Excerpts from a dataset:
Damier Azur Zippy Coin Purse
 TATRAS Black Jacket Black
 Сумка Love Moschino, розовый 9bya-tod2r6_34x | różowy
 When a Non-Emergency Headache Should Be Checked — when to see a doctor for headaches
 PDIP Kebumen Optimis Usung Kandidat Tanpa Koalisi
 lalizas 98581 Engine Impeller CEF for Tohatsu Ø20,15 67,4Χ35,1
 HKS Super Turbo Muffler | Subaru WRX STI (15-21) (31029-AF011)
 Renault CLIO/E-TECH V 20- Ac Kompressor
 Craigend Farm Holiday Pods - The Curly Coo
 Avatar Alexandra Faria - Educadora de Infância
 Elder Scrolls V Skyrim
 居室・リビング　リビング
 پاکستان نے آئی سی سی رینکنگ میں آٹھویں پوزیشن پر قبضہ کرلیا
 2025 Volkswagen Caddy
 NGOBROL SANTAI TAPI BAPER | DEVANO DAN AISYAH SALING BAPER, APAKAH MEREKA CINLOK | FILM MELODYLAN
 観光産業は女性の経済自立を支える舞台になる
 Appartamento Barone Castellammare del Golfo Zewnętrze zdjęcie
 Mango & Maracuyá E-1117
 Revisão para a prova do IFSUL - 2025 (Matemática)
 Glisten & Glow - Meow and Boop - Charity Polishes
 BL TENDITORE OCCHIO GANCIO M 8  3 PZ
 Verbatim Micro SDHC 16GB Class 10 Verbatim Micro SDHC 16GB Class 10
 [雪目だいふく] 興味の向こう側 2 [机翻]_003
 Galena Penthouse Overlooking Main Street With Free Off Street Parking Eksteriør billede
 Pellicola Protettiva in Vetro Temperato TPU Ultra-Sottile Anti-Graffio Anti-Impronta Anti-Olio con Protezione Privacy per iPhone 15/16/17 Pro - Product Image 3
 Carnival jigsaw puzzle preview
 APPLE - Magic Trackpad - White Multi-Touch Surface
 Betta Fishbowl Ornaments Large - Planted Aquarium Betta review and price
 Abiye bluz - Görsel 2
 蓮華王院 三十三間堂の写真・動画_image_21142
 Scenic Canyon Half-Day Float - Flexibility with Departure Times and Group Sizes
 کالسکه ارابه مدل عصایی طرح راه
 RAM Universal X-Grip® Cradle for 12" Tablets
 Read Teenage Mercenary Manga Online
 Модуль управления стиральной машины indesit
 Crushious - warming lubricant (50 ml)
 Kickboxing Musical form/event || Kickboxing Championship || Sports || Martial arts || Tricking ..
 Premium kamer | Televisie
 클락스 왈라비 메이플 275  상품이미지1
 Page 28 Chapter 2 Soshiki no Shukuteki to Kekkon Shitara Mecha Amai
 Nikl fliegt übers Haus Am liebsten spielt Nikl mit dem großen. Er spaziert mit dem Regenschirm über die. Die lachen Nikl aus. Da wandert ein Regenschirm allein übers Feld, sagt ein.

** Task to carry out **
The entries above are to be restated word for word.

** Answer box **
Damier Azur Zippy Coin Purse
 TATRAS Black Jacket Black
 Сумка Love Moschino, розовый 9bya-tod2r6_34x | różowy
 When a Non-Emergency Headache Should Be Checked — when to see a doctor for headaches
 PDIP Kebumen Optimis Usung Kandidat Tanpa Koalisi
 lalizas 98581 Engine Impeller CEF for Tohatsu Ø20,15 67,4Χ35,1
 HKS Super Turbo Muffler | Subaru WRX STI (15-21) (31029-AF011)
 Renault CLIO/E-TECH V 20- Ac Kompressor
 Craigend Farm Holiday Pods - The Curly Coo
 Avatar Alexandra Faria - Educadora de Infância
 Elder Scrolls V Skyrim
 居室・リビング　リビング
 پاکستان نے آئی سی سی رینکنگ میں آٹھویں پوزیشن پر قبضہ کرلیا
 2025 Volkswagen Caddy
 NGOBROL SANTAI TAPI BAPER | DEVANO DAN AISYAH SALING BAPER, APAKAH MEREKA CINLOK | FILM MELODYLAN
 観光産業は女性の経済自立を支える舞台になる
 Appartamento Barone Castellammare del Golfo Zewnętrze zdjęcie
 Mango & Maracuyá E-1117
 Revisão para a prova do IFSUL - 2025 (Matemática)
 Glisten & Glow - Meow and Boop - Charity Polishes
 BL TENDITORE OCCHIO GANCIO M 8  3 PZ
 Verbatim Micro SDHC 16GB Class 10 Verbatim Micro SDHC 16GB Class 10
 [雪目だいふく] 興味の向こう側 2 [机翻]_003
 Galena Penthouse Overlooking Main Street With Free Off Street Parking Eksteriør billede
 Pellicola Protettiva in Vetro Temperato TPU Ultra-Sottile Anti-Graffio Anti-Impronta Anti-Olio con Protezione Privacy per iPhone 15/16/17 Pro - Product Image 3
 Carnival jigsaw puzzle preview
 APPLE - Magic Trackpad - White Multi-Touch Surface
 Betta Fishbowl Ornaments Large - Planted Aquarium Betta review and price
 Abiye bluz - Görsel 2
 蓮華王院 三十三間堂の写真・動画_image_21142
 Scenic Canyon Half-Day Float - Flexibility with Departure Times and Group Sizes
 کالسکه ارابه مدل عصایی طرح راه
 RAM Universal X-Grip® Cradle for 12" Tablets
 Read Teenage Mercenary Manga Online
 Модуль управления стиральной машины indesit
 Crushious - warming lubricant (50 ml)
 Kickboxing Musical form/event || Kickboxing Championship || Sports || Martial arts || Tricking ..
 Premium kamer | Televisie
 클락스 왈라비 메이플 275  상품이미지1
 Page 28 Chapter 2 Soshiki no Shukuteki to Kekkon Shitara Mecha Amai
 Nikl fliegt übers Haus Am liebsten spielt Nikl mit dem großen. Er spaziert mit dem Regenschirm über die. Die lachen Nikl aus. Da wandert ein Regenschirm allein übers Feld, sagt ein.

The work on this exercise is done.